▶ **Records from a data source**:
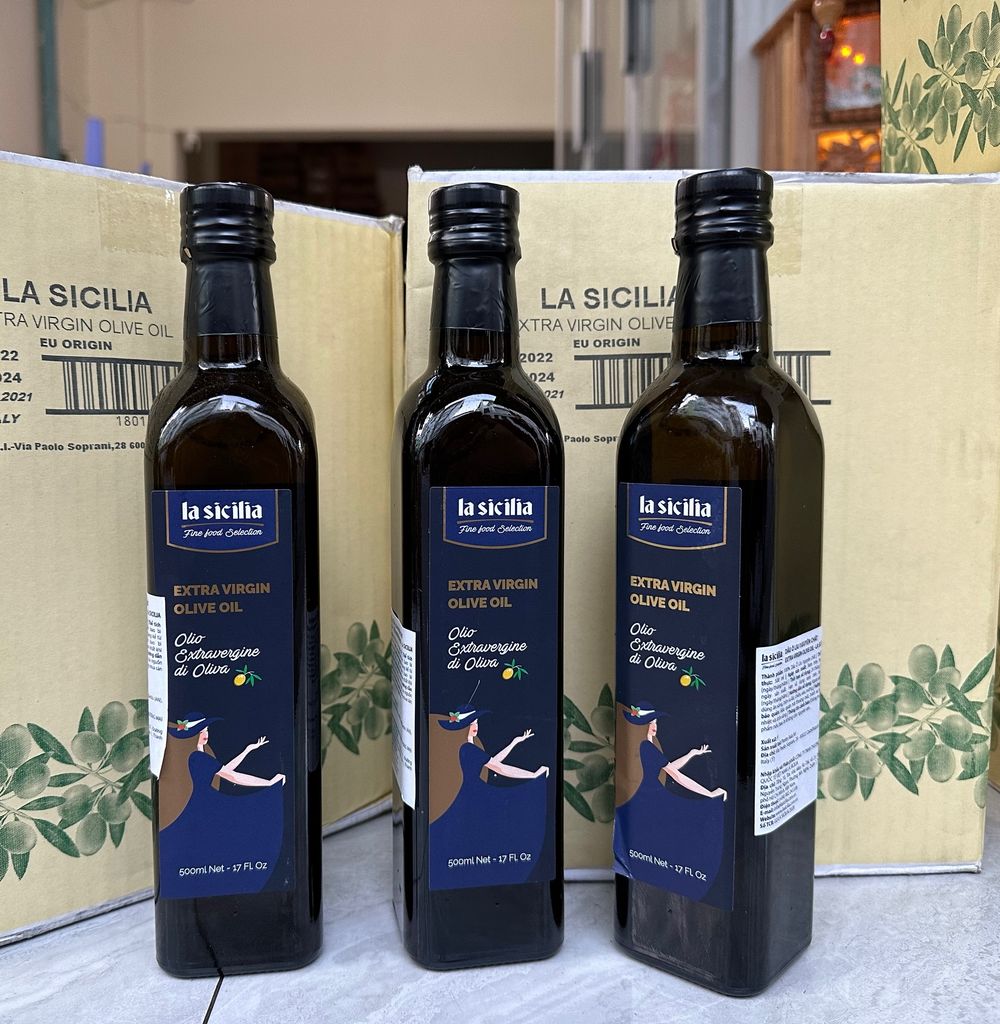 Dầu Olive Extra La Sicilia 500ml Ý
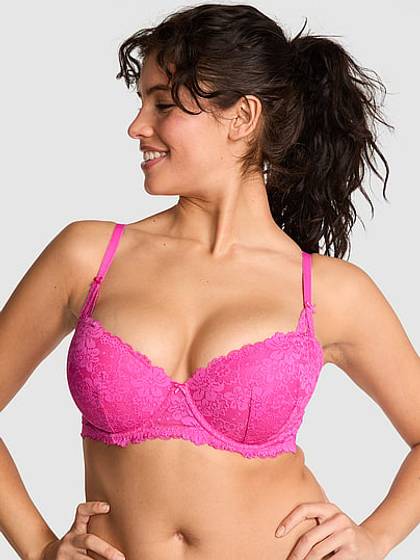 PINK Wink Push-Up Balconette Bra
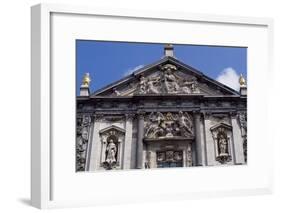 Facade of Church of St Charles Borromeo, 1615-1625-Peter Huyssens-Framed Giclee Print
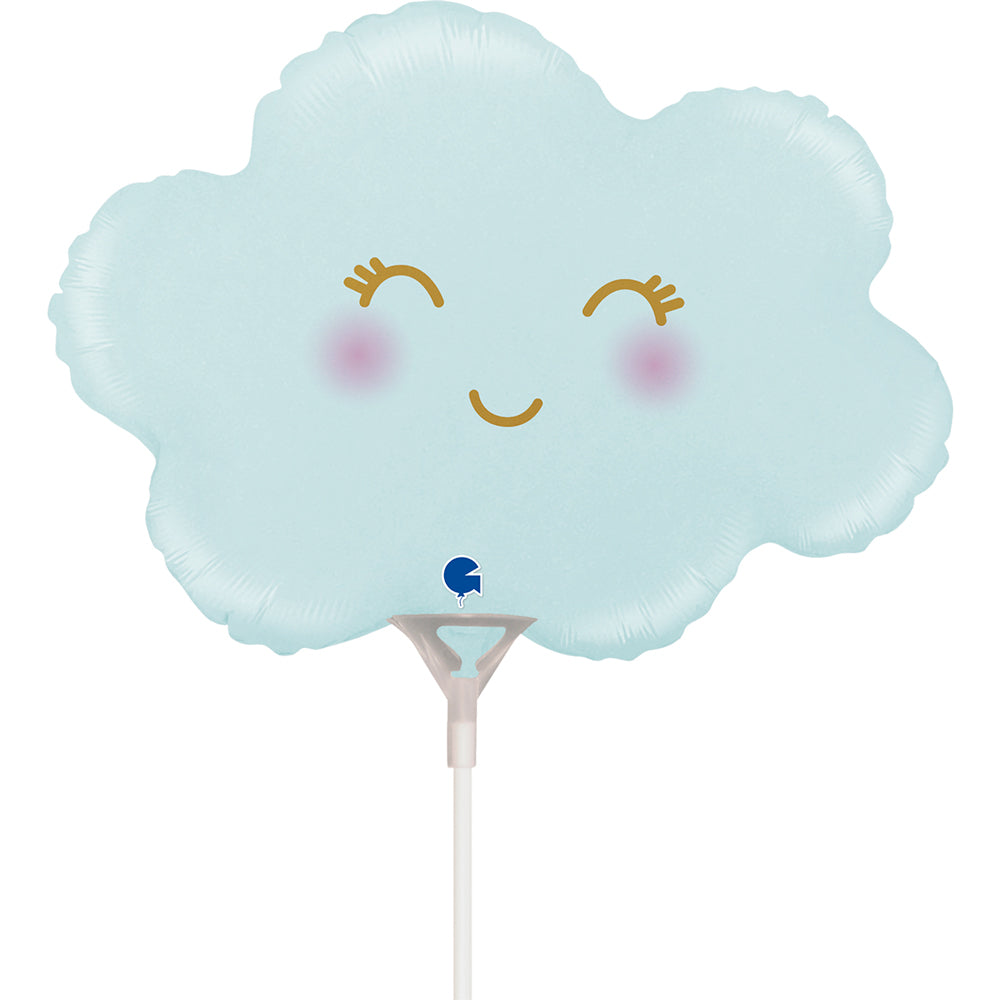 Satin Pastel Blue Mini Cloud Balloon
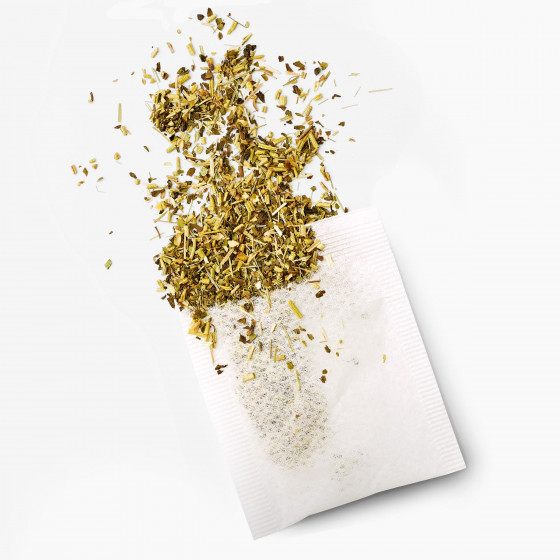 Sachet d'infusion Retour de soirée en fibres naturelles, sans ficelle Sachet d'infusion Retour de soirée en fibres naturelles, sans ficelle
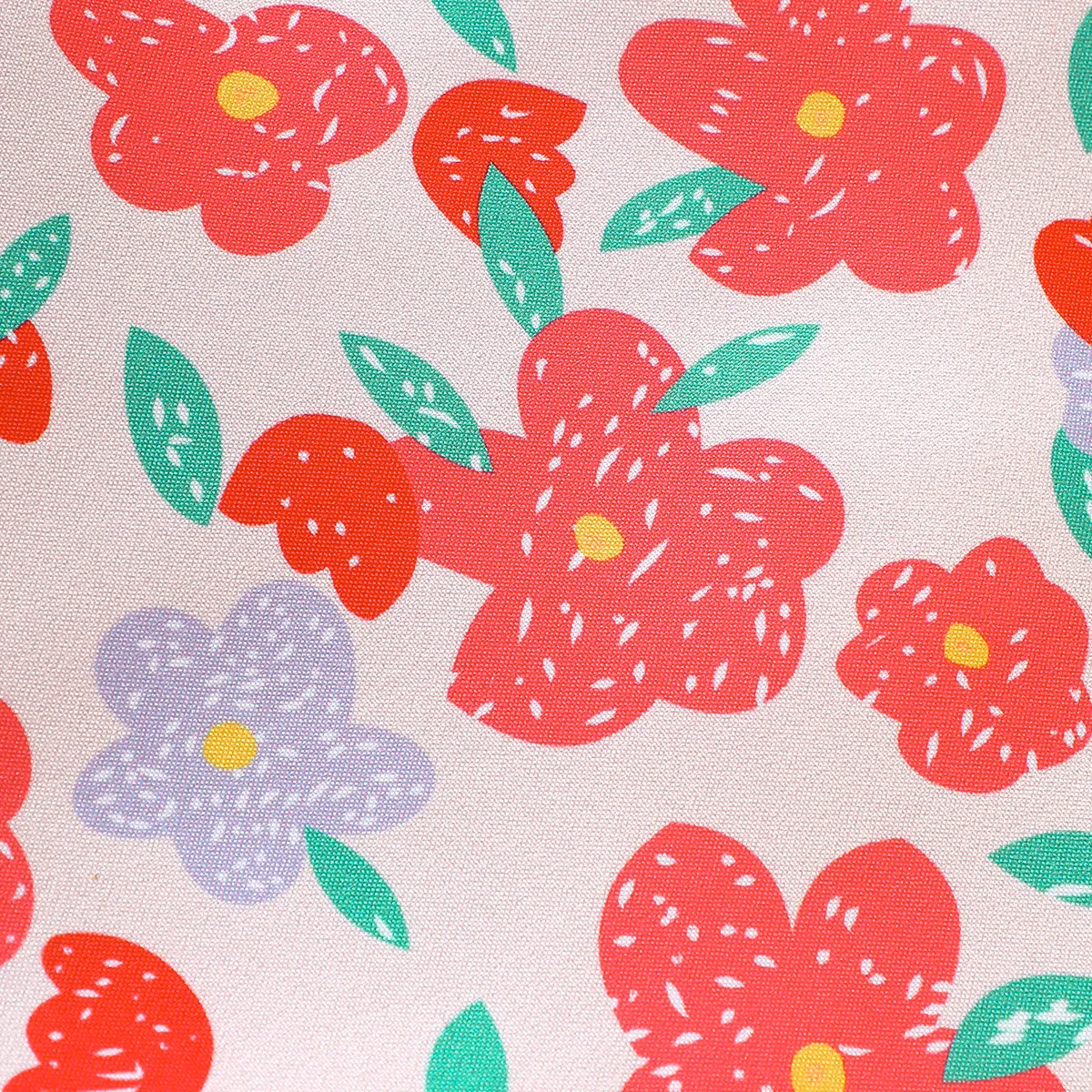 Toddler Girl Allover Floral Print Lapel Collar Tank Dress  Pink image 6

▶ **Your assignment**:
Every record above must reappear exactly in the answer, minus its pictures.

▶ **Exercise solution**:
 Dầu Olive Extra La Sicilia 500ml Ý
 PINK Wink Push-Up Balconette Bra
 Facade of Church of St Charles Borromeo, 1615-1625-Peter Huyssens-Framed Giclee Print
 Satin Pastel Blue Mini Cloud Balloon
 Sachet d'infusion Retour de soirée en fibres naturelles, sans ficelle Sachet d'infusion Retour de soirée en fibres naturelles, sans ficelle
 Toddler Girl Allover Floral Print Lapel Collar Tank Dress  Pink image 6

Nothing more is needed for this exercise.